** Given information follows **

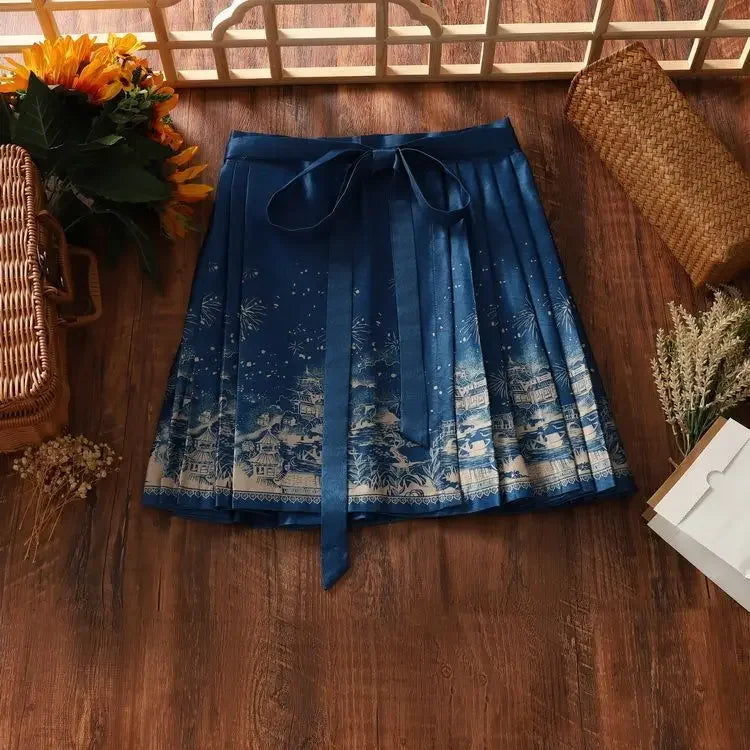 2024 New Fashion Chinese Style Retro Summer Printed Pleated Lace Up Women&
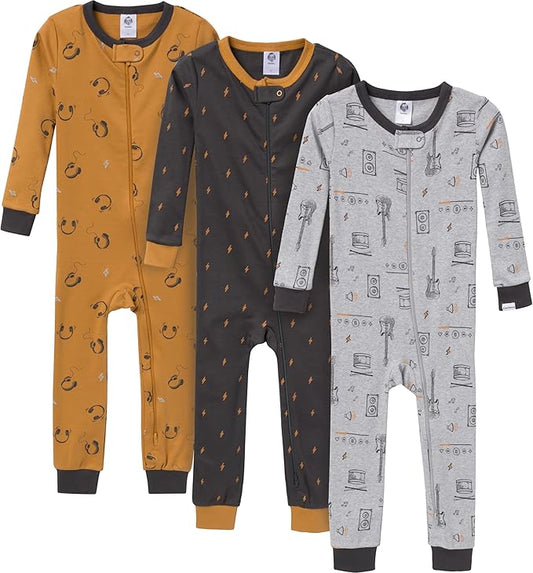Gerber Baby-Boys 3-Pack Snug Fit Footless One-Piece Cotton Pajamas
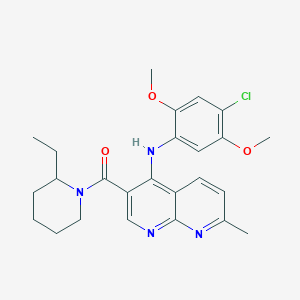 molecular formula C25H29ClN4O3 B2757116 N-(4-chloro-2,5-dimethoxyphenyl)-3-(2-ethylpiperidine-1-carbonyl)-7-methyl-1,8-naphthyridin-4-amine CAS No. 1251564-87-0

** End of Given information **

What is needed →
The whole listing should be printed again exactly as written, images excluded.

Response to the task →
 2024 New Fashion Chinese Style Retro Summer Printed Pleated Lace Up Women&
Gerber Baby-Boys 3-Pack Snug Fit Footless One-Piece Cotton Pajamas
 molecular formula C25H29ClN4O3 B2757116 N-(4-chloro-2,5-dimethoxyphenyl)-3-(2-ethylpiperidine-1-carbonyl)-7-methyl-1,8-naphthyridin-4-amine CAS No. 1251564-87-0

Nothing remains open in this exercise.